What is the relationship between the translational and rotational momentum in an elastic collision based on the distance from an axis, based on problem below.

Answer 1

I'm looking for a general approach also possibly an explanation of the following. I know that if the collision occurs at the CoM of the rod. The kinetic energy of the rod is only translational, and i know that if it hits the farthest distance of the rod the energy is completely rotational. How do we consider a distance in between?

Answer 2

L = r x p

You can find the angular momentum of the sphere just before it strikes the bar. Then use conservation of angular momentum to find the angular momentum imparted to the bar (easy in this case, since the sphere goes to rest).

Answer 3

Isn't that just the angular momentum? Is there no translational?

Answer 4

I would assume that is the correct approach if the rod was fixed.

Answer 5

Oh, you're right. I made an assumption that it says nothing about. It isn't going to just rotate about it's CoM.

Answer 6

Quote: "and i know that if it hits the farthest distance of the rod the energy is completely rotational. How do we consider a distance in between?"

This is not the case, that would imply that the centre of mass of the rod remains fixed.

Answer 7

Both translational and angular momentum are conserved.

Answer 8

I could really use a deeper explanation because I just feel like I don't understand the distinction between translational and angular momentum. I.e How can both translational and angular momentum be conserved, because neither is initially rotating yet one will begin to rotate.

Answer 9

I'm still working the problem (and probably making a circus of it), but Vincent is correct.

In a collision, both linear and rotational momentum are conserved. This has always been the case, but usually you didn't need to worry about it. Further, rotational momentum is conserved around any point.

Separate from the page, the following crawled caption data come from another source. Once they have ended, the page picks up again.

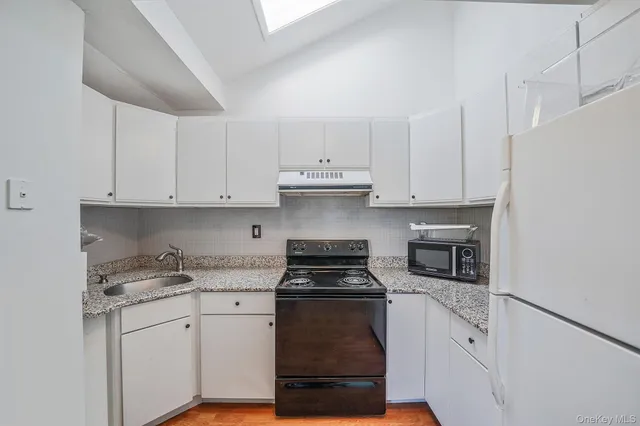 a kitchen with granite countertop white cabinets and stainless steel appliances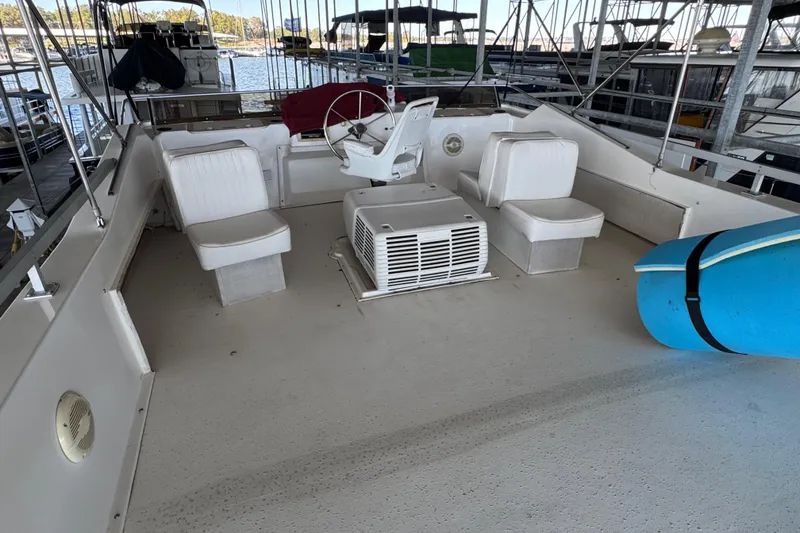 Slide: The Image of 1993 Gibson 44 Cabin Yacht deck with seating and steering wheel, docked in marina. - 57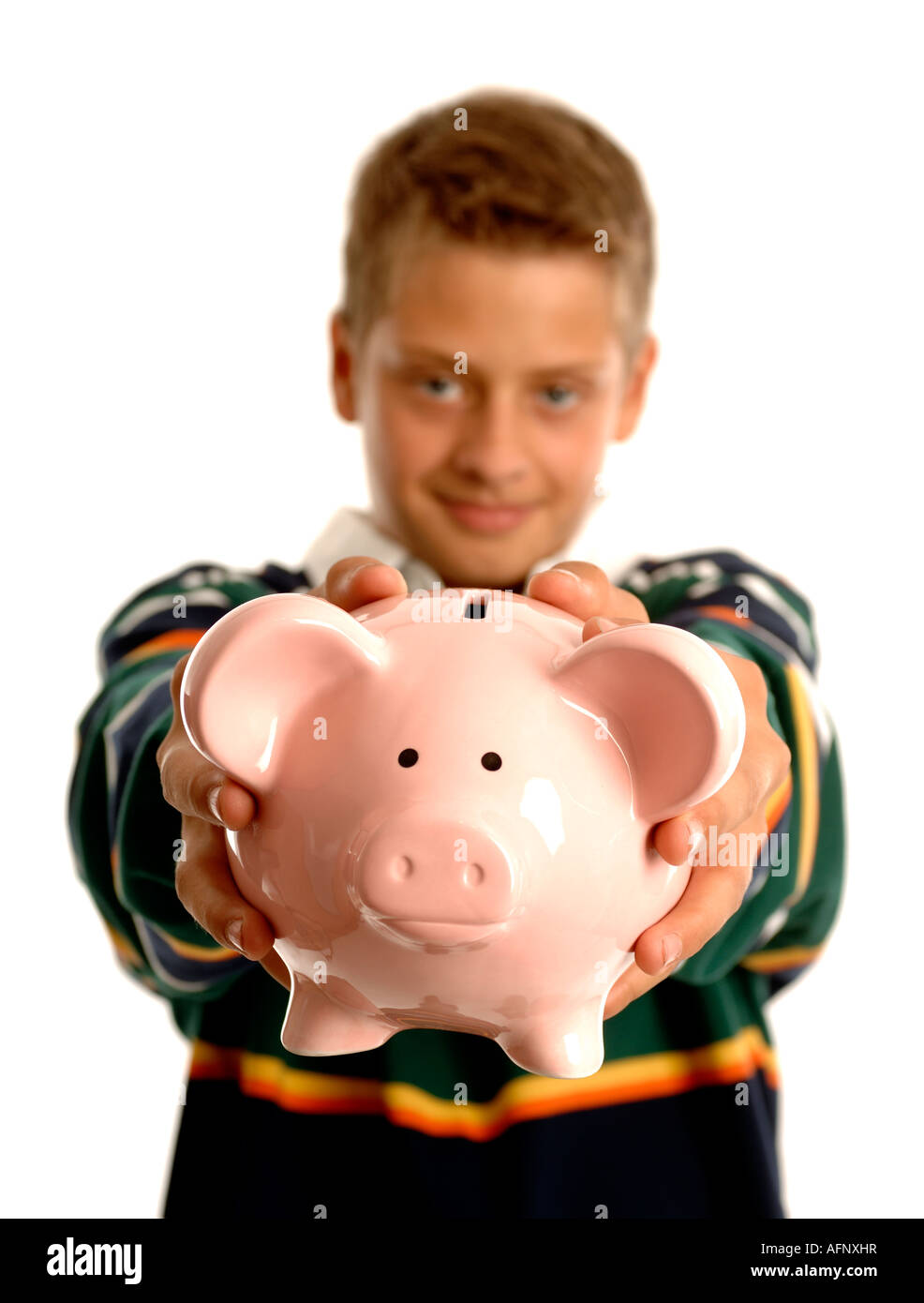 Boy with arms outstretched holding a piggy bank Stock Photo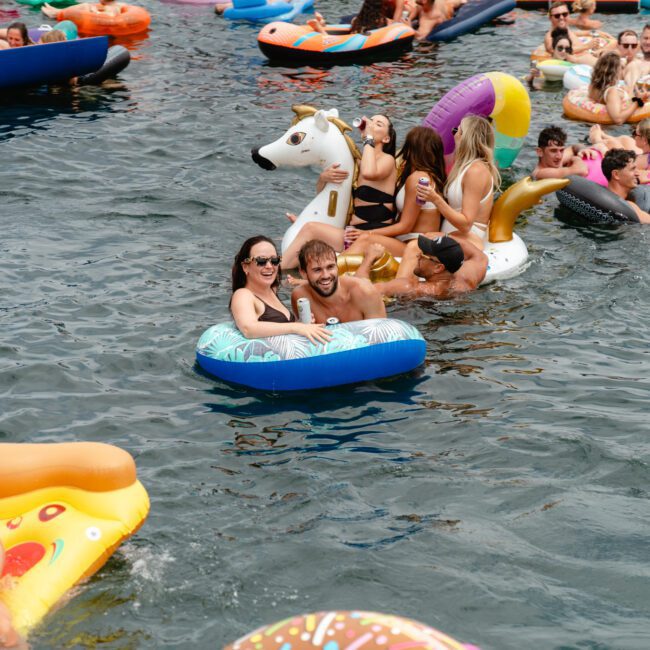 A lively scene with people enjoying a sunny day floating in a body of water on various inflatable devices, including a unicorn, a swan, and pizza slice. Hosted by The Yacht Social Club Sydney Boat Hire, they are smiling, laughing, and holding drinks, creating a fun and festive atmosphere.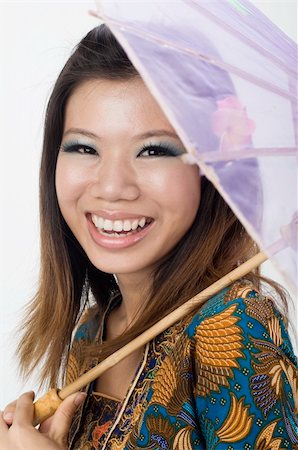 aian malay girl smiling with kebaya and umbrella Stock Photo - Budget Royalty-Free & Subscription, Code: 400-05285947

The sphere isn't rotating initially as you think of it, but it has angular momentum with respect to some point in space. The point in question is the center of the rod. Just before the collision, it has angular momentum of L = r x p = dmv, where d is the distance it strikes the rod from the center of mass.

Answer 10

Are you able to check answers somehow? If so, please see if 4/7 is correct. If it is, I'll show you how I got to it.

Answer 11

that is correct

Answer 12

4/7 = 0.57142857... (if needed in decimal form)

Answer 13

You can speak conceptually, I dont need the calculation.

Answer 14

Woo. Terrible that it took me this long, but hey. Ok, so to do this problem, we simply just use the three applicable conservation laws: Kinetic Energy, translational momentum, and rotational momentum.

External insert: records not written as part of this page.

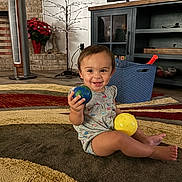 Azalea joined the competition — help win amazing prizes! toddler, child, smiling, indoor, rug, toy, ball, basket, living_room, fan, plant, furniture, floor, clothing, cute, happy, person, play, home, decor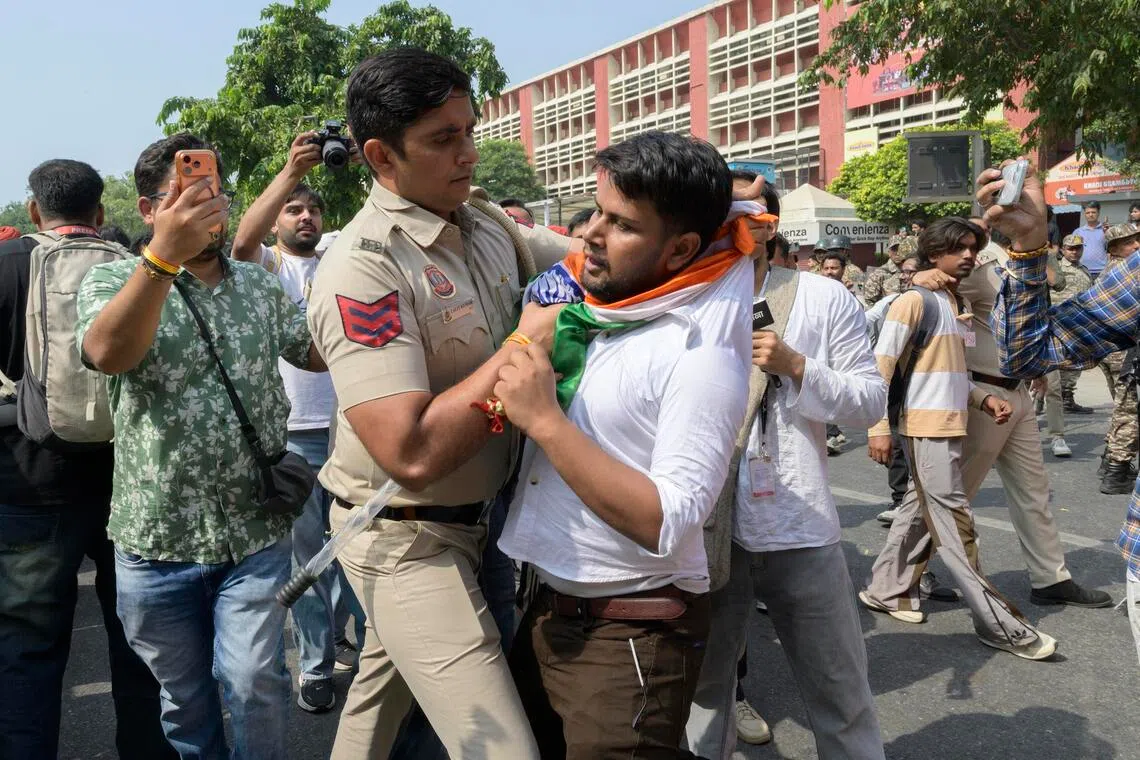 Security personnel confronting protesters in New Delhi, India, on Oct 10.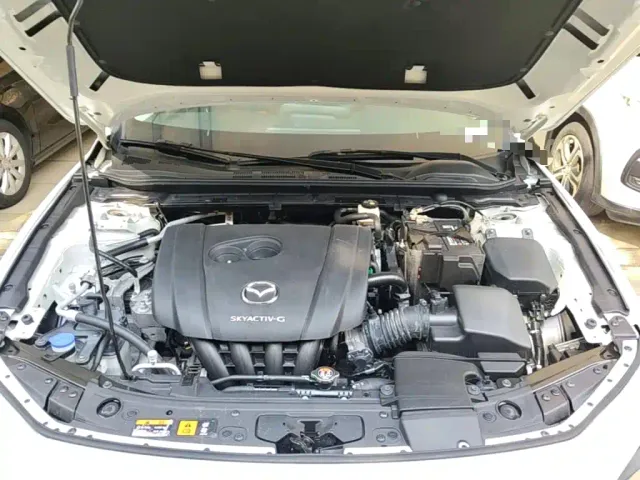 Mazda Axela — Фото автомобиля 19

Kinetic Energy: \[\frac{1}{2}mv^2 = \frac{1}{2}Mu^2+\frac{1}{2}I\omega^2\]where u is the translational speed of the bar after the collision.

Linear momentum: \[mv = Mu\]

Rotational momentum: \[mvd = I\omega\]

We know that the moment of inertia I of the bar is:
\[I = \frac{1}{12}ML^2\]

And all we have to do is use these three equations together to solve for m/M.

First, I solved the kinetic energy equation to find an expression for m/M. Then, I used the rotational momentum equation to find an equation for omega, and plugged that in. Simplify. I then used the momentum equation to find an expression for u/v, and plugged that in.

At this point, you end up with m/M in a lot of places, but it's pretty easy algebra from there. If you get confused easily, you may want to make a substitution for m/M, such as m/M = a, and then just solve for a.

Answer 15

Thank you

Answer 16

Very sorry that it took that long.

Conceptually, the take-away is that you have to conserve both linear and angular momentum, and the kinetic energy also includes rotational kinetic energy. These things are actually always true, but in earlier, easier problems, we didn't have to worry about the angular components.

Answer 17

I had everything but \[mv=Mu\] I guess I should have recalled that linear momentum is always true about the CoM. Again thanks.